Government abandonment, a similar theme in most apocalyptic movies, leads to chaos and the breakdown of rationality, leaving the choice of right and wrong to the individual.

The impotence of the State justifies the privatization of choice: Brian acts as judge, jury, and executioner.

However, the speed by which Brian acquired the power to decide who lives or dies –he shoots those who refused to give gasoline, not because they were infected– is as fast as having lost it as they near their goal, which is a beach frequented by him and brother Daniel. The beach clearlt symbolizes the time past, shown in a montage of sepia images of the toddler brothers.

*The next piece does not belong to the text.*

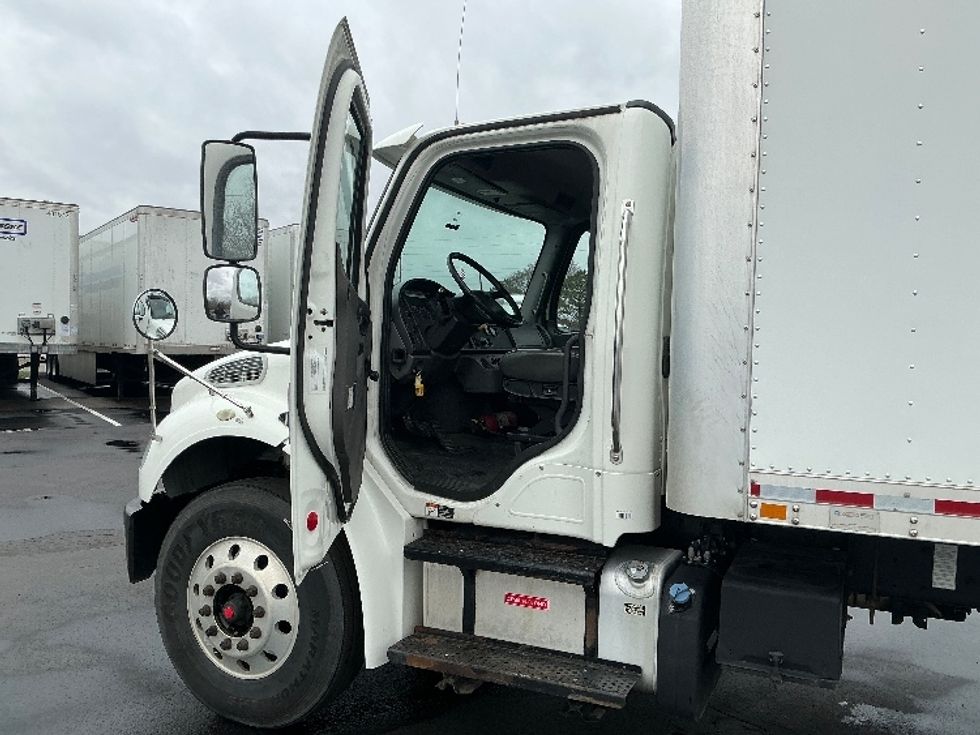 Medium Duty Box Truck-Light and Medium Duty Trucks-Freightliner-2017-M2-Indianapolis-IN-162,961\n\t\tmiles-$ 51,500 - Image 23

Human comprehension, however, fails to assuage the horror of Brian’s character’s choices: their attenuating cause as well as the consequences.

This, I guess, is the point of this movie by sibling-directors Alex and David Pastor, since despite survivors having reached the edge of a salty expanse, sadness lingers.

Maybe the Pastor brothers pinned these to what their characters have become with the choices the characters made along the journey.

For all its flaws –as some critics pointed out in their reviews, Carriers is a movie that pokes the brain with questions.

It challenges the weight we give to values that help us rise above baser instincts to survive at the expense of the frail, weak and dispensable Other.

The movie also stirs the possibility of the latter scenario if the State leaves in an SUV, leaving us on a desolate street of hopelessness.



“The most authentic thing about us is our capacity to create,
to overcome, to endure, to transform,
to love, and to be greater than our suffering.”